Cuando
el Gordo murió, el Gato sintió que, de algún modo, había perdido a un padre, a
pesar de que apenas los separaban siete años.
Cierto que no pensó en escribir un son melancólico como cuando murió su
verdadero padre, porque entendió que al contrario de aquella, esta partida le
producía tristeza pero también alivio.
Y es que se había acostumbrado a
crecer y vivir a la sombra del Gordo. Ya sea para imitarlo, ya sea para
repudiarlo y cagarse en sus preceptos. Pero el otro siempre estaba ahí, como un
tótem, como un Buda majestuoso, rey y señor de la patria de los bandoneones.
Todavía podía recordar, como si
fuese ayer la veneración con la que lo había escuchado tocar la primera vez. De
pronto, esas manos regordetas, apenas a unos centímetros de la cara de luna
llena, le habían dado otro significado a aquel instrumento que su padre compró
de segunda mano en una tienda de empeño de Nueva York para mitigar la nostalgia
de estar lejos de casa. Aquel Buda sabía hacer que el fuelle llorase, riese, e
incluso contase una historia.
Después de aquella primera vez,
pasaron meses en los que el Gato se obsesionó con desentrañar la magia que el
Gordo sabía hacer con aquel instrumento. Lo siguió durante meses, a sol y a
sombra, y supo esperar el momento justo para entrar como reemplazo en la
orquesta. Necesitaba saber. Necesitaba aprender el mecanismo de aquel lamento.

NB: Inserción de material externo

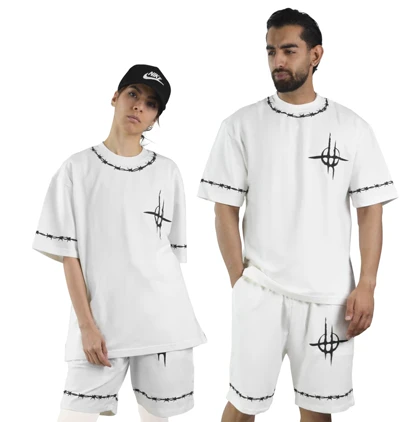 ست تیشرت و شلوارک اسپرت مدل DRY-4B0303 سفید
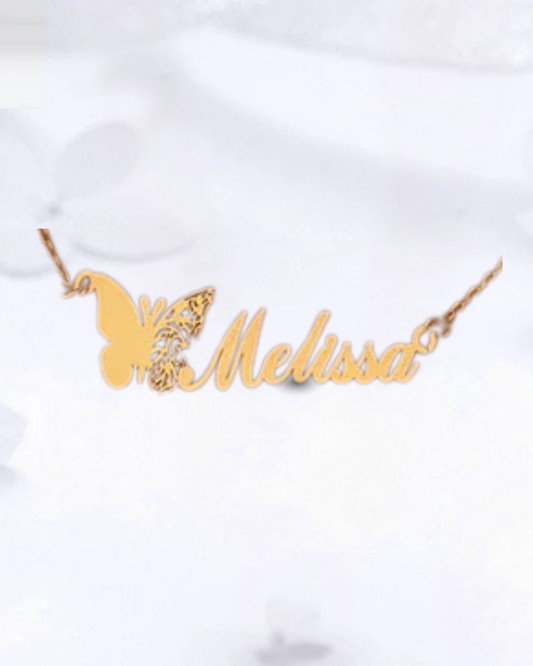 Collier Personnalisé avec Nom – Acier Inoxydable Doré ou Argenté ✨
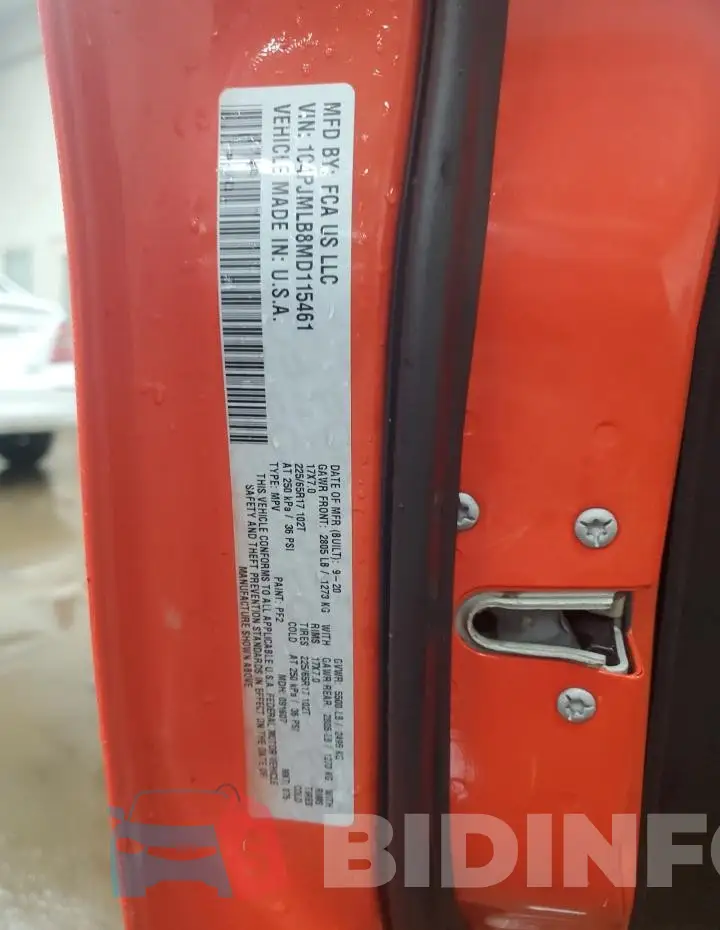 1C4PJMLB8MD115461 Photo# 13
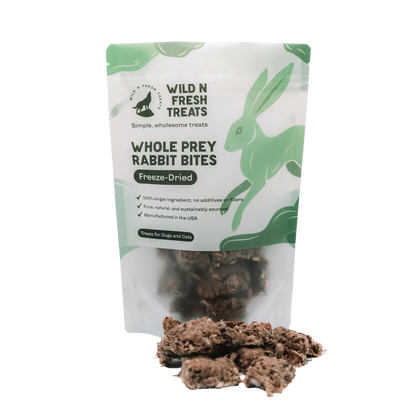 Whole Prey Freeze Dried Rabbit Bites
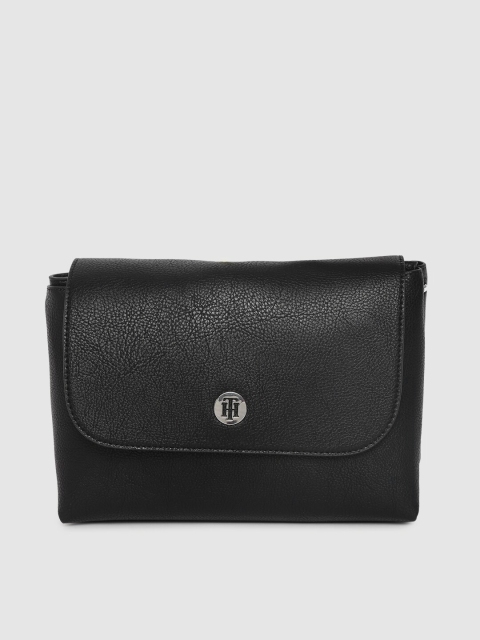 

Tommy Hilfiger Black Solid Sling Bag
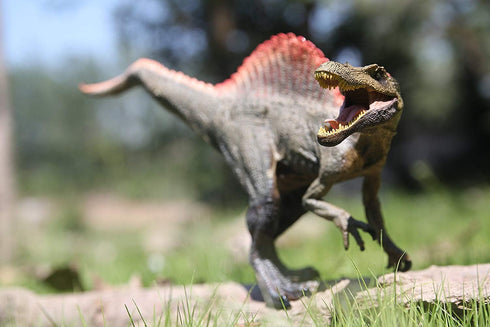 Spinosaurus Toy with Moveable Jaw, Dinosaur Action Figure for Kids Birthday Cake Topper, Home Decoration or Dinos Fans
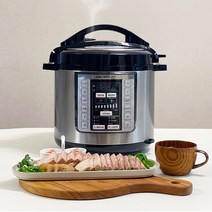 슈베린 멀티압력쿠커 6L 닭백숙 압력솥 돼지수육 압력솥 멀티쿠커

Pero la armonía duró poco. Al Buda
no le gustaron sus veleidades modernas y censuraba el desenfado con que el Gato
tocaba el bandoneón. Valoraba su talento y le pedía que le hiciese los arreglos
para los temas, pero los revisaba con una goma de borrar en la mano, listo para
mitigar los excesos. Fueron madrugadas de discusiones filosóficas y de palabras
ásperas mientras los instrumentos exponían sus particulares modos de entender
el tango.
El Gato aguantaba, con mayor o menor
paciencia, mientras se debatía entre aquella música plena de lamentos y la
elegancia de la música clásica. Hasta que una maestra europea, a miles de
kilómetros del río de la Plata, le secreteó que los dos podían coincidir en
algún pliegue del bandoneón. Y él se había propuesto encontrar ese punto en el
que los dos eran uno.
Fue lejos del Gordo y la partida
generó la primera gran pelea entre ellos. El Buda no entendía que él buscase
nuevos horizontes y él no comprendía que el otro no quisiese más. Tenía que
haber otras posibilidades, un punto en el que el lamento pudiese ser un grito
furioso, un aullido desesperado, aunque el resultado escandalizase al público
que buscaba entretenerse y bailar.
Se fue, pero nunca pudo alejarse del
todo. El otro siempre estaba ahí, cono una maldición, en una melodía, en un
arreglo, en un fraseo del fuelle. Nunca se reconciliaron del todo, pero jamás
dejaron de hablarse. Encontraron el modo de limar asperezas para trabajar
juntos y luego separarse para seguir creciendo cada uno por su lado.
Cuando el Gordo murió, su mujer
embaló el fuelle que lo hacía acompañado toda la vida. Se lo mandó la Gato,
para que lo conservase. Le pareció natural ya que ambos habían compartido la
pasión por el bandoneón.
El abrió el paquete con extrañeza.
Lo apoyó sobre sus rodillas como a un niño dormido y comenzó a desgranar uno de
los tangos que había dejado el Buda. Descubrió con espanto que la música que
salía de aquel fuelle no era la suya. Pero tampoco la del muerto. Era un
lamento más profundo aún, como si aquel instrumento llorase la pérdida. O
quizás, como si sus dedos lo estuviese lastimando.
Volvió a embalarlo y lo guardó en
una vitrina, mudo lamento de un tiempo que se fue.